Hack your marking and ease the cognitive load

Amongst the tasks involved in teaching, marking can be particularly exhausting and overwhelming. Marking is itself tiring and draining, and marking deteriorates as tiredness sets in and attention spans wane. Worst of all, marking necessarily comes at the end – at the end of the unit, the end of the course, the end of the semester. It comes at the point when you are most thinly stretched. Marking typically spills over into the time allotted for the next task, so that it is not unusual to have to start preparing the next lecture, unit, or syllabus while still snowed under with a huge amount of marking from the last one.

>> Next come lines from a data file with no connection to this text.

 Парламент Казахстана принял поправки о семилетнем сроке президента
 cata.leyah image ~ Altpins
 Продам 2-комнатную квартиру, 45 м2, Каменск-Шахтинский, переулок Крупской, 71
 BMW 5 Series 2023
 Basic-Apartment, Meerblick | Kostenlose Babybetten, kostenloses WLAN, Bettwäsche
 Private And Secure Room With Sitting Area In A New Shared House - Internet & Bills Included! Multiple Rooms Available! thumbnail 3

There are, however, some ways to do a portion of the cognitively hard work of marking ahead of time and thereby make your marking more fair, less taxing, and easier to manage. This post suggests a couple of ways to ease the cognitive load of marking by doing a significant portion of the decision-making before the first student even submits their assignment.

1. Multiple-Choice

Using multiple-choice questions on tests or quizzes for some part of your assessment portfolio is one way to do the hard work before you get to the marking stage. I have been completely persuaded by Rob Loftis’ excellent paper, “Beyond Information Recall: Sophisticated Multiple-Choice Questions in Philosophy”. Amongst his arguments, Loftis points out that most of the subjective and cognitively difficult tasks involved in assessment get front-loaded in multiple-choice assessments: subjective decision-making occurs at the stage of composing the questions, rather than at the stage of marking each individual answer or response. By the time the students take the test, the cognitively difficult and subjective decision-making part of assessment has been completed. Moreover, exactly the same subjective decision-making is shared equally by every student who answers a particular question. That is, students are not subject to the unfairness of repeated and distinct subjective decision-making processes every time a question is marked.

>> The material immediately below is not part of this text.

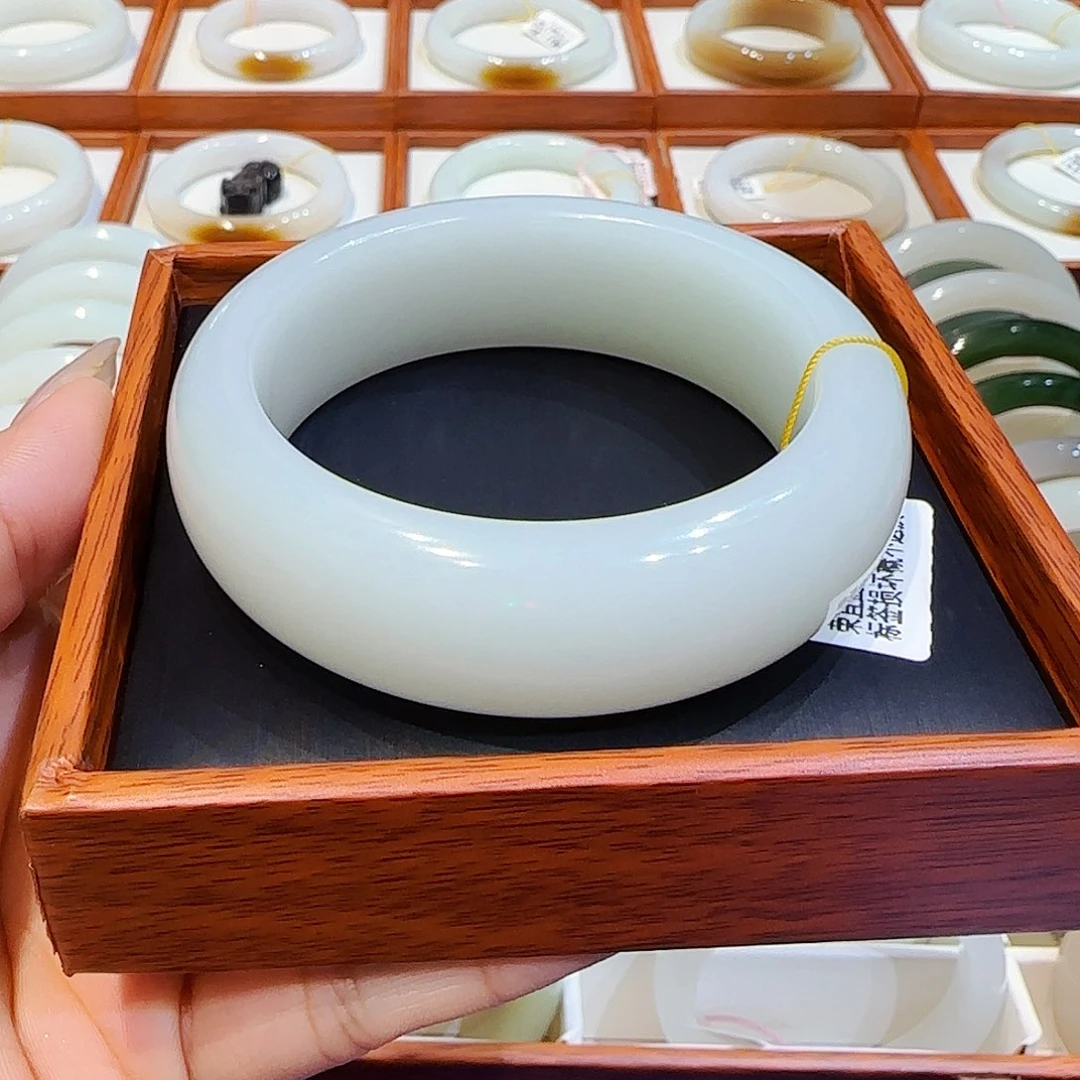 和田玉手镯未镶嵌月****^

David DiBattista’s paper “Making the Most of Multiple-Choice Questions: Getting Beyond Remembering” points out that multiple-choice tests make it possible to cover a relatively wide scope of material in a relatively short test. He points out that it is furthermore relatively easy – and quick – to mark the tests, even in the context of large or online courses. Learning Management Systems (or LMS systems such as Canvas, D2L, Moodle, and Blackboard) or Optical Readers facilitate the automated marking of multiple-choice tests, which can nonetheless be tailored to focus on higher-order skills such as analysis, understanding, application, and evaluation. I note that I am also persuaded by Loftis to offer students the opportunity to explain their answers. This does add to the cognitive load of marking, but not substantially so. It has helped me catch unnoticed ambiguities in my questions in the past, without penalizing students for it.

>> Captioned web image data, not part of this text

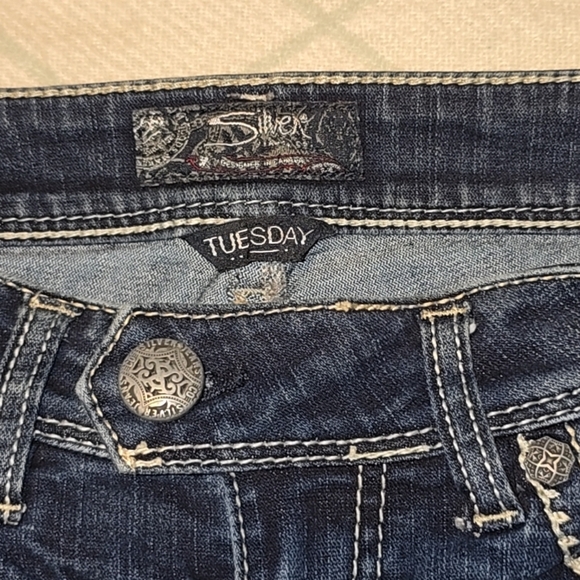 🤑SALE🤑Silver Jean's - Picture 2 of 6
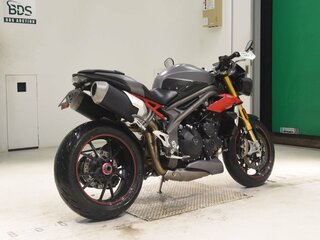 2017 Triumph Speed Triple, серый, 813000 рублей, вид 5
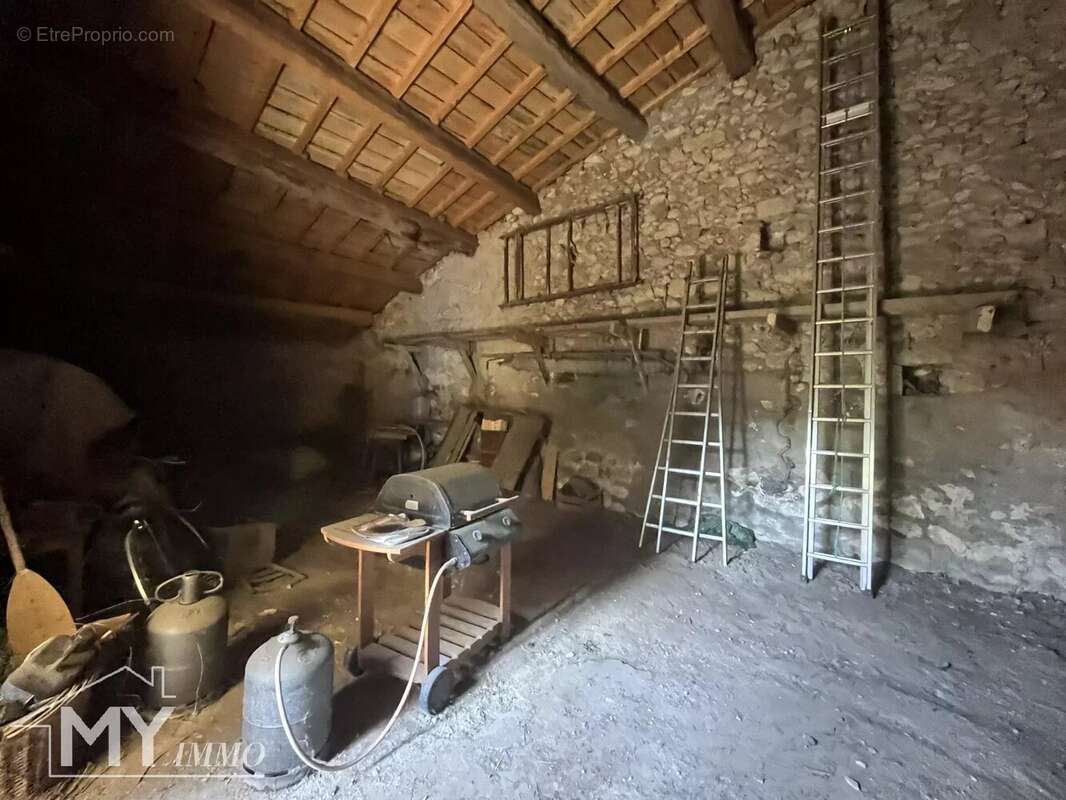 Saint antoine de breuilh : maison de village - photo 17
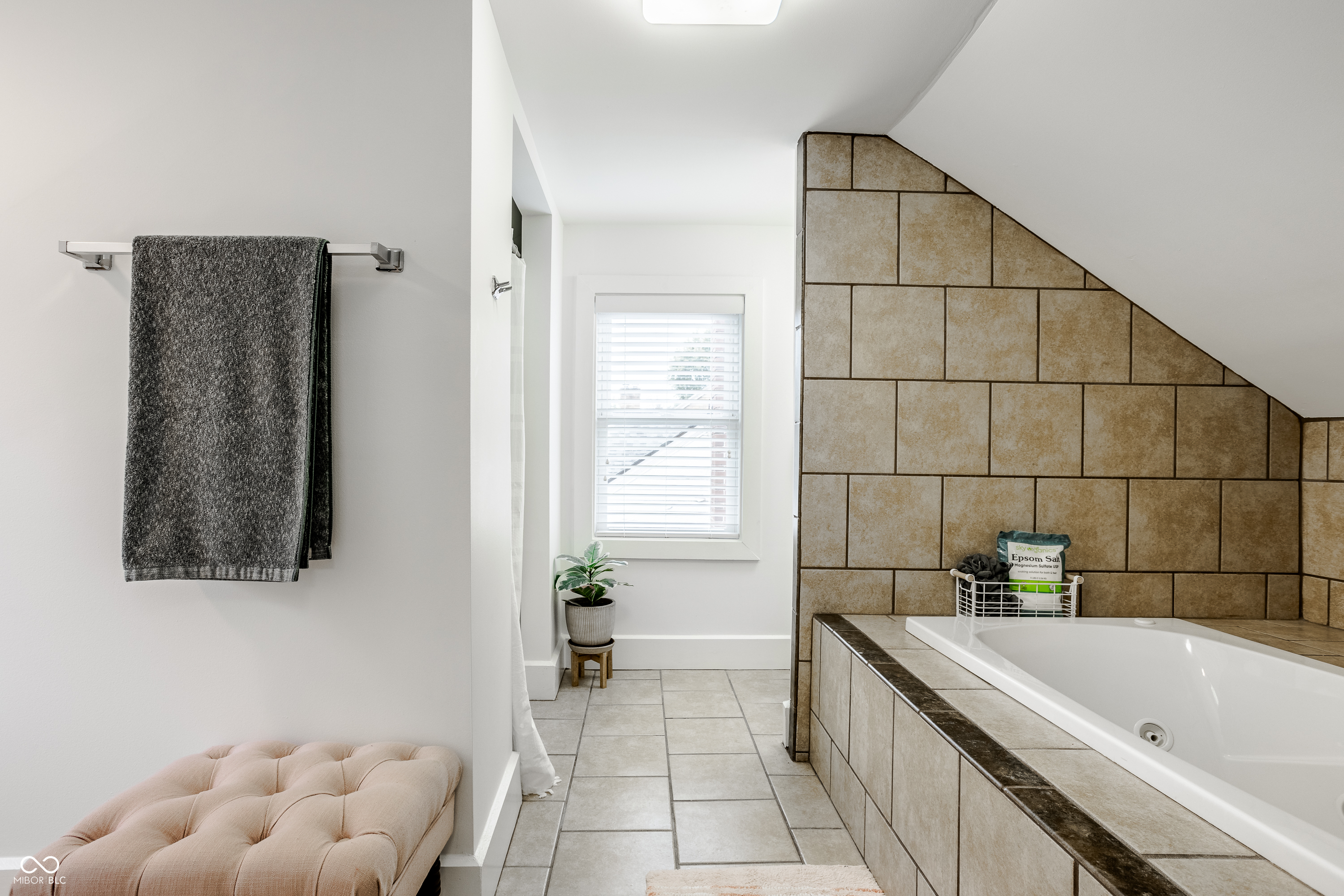 222 W 44th Street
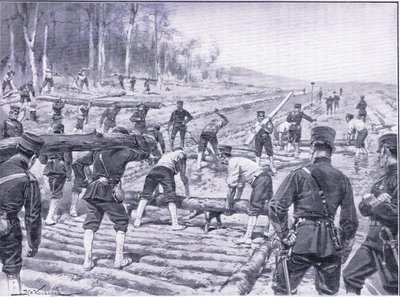 Japońscy inżynierowie budujący drewnianą drogę dla żołnierzy, ilustracja z Cassells History of the rosyjsko-japońskiej wojny, tom 1, ok. 1900 autorstwa Johannes Hermann Barend Koekkoek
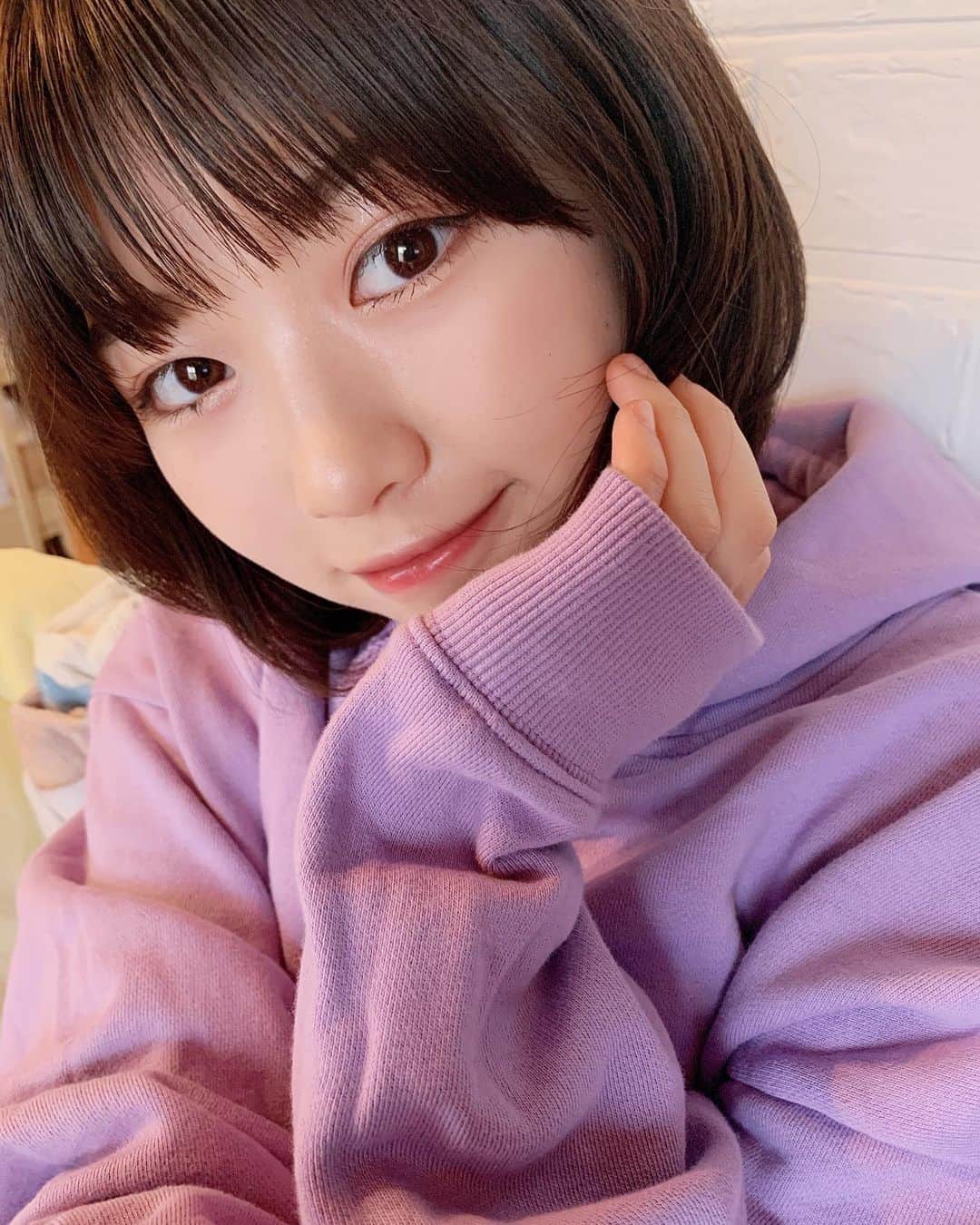 沢村りさのインスタグラム：「今日はビューラーなしの日でした︎︎☺︎﻿ ﻿ ﻿ ﻿ ﻿ #リリバリ #Lilyofthevalley﻿ #沢村りさ #まりも #jk #jk2﻿ #メイク #ビューラーなし  #ボブ #パーカー #パーカー女子  #xgirl #紫 #puple」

The trick, of course, is to make time to compose multiple-choice questions early enough, and at regular intervals throughout the term. But even if you end up composing the test or the set of questions at the last minute, you will still have moved the cognitively difficult, subjective, decision-making task earlier in the assessment process, and prior to the ‘marking’ stage. In fact, you will have moved it prior to the student submission stage.

2. Rubrics

A rubric generally details and specifies the assessment criteria for an assignment. An analytic rubric provides specific criteria, and describes levels of achievement for each criterion. From the instructor’s perspective, rubrics enable timely feedback, and make marking more consistent and fair. Preparing a detailed rubric in advance eases the cognitive load of marking. At the marking stage, the grader can replace a cognitively complex and holistic assessment such as, “What grade does this essay deserve?” with a narrower and cognitively easier set of assessments. Assigning rubric levels according to set descriptions is a narrower and easier task, especially if the task is repeated for dozens or hundreds of assignments. Descriptive feedback is more easily attached to each assignment, and the process of marking is made easier overall for the marker.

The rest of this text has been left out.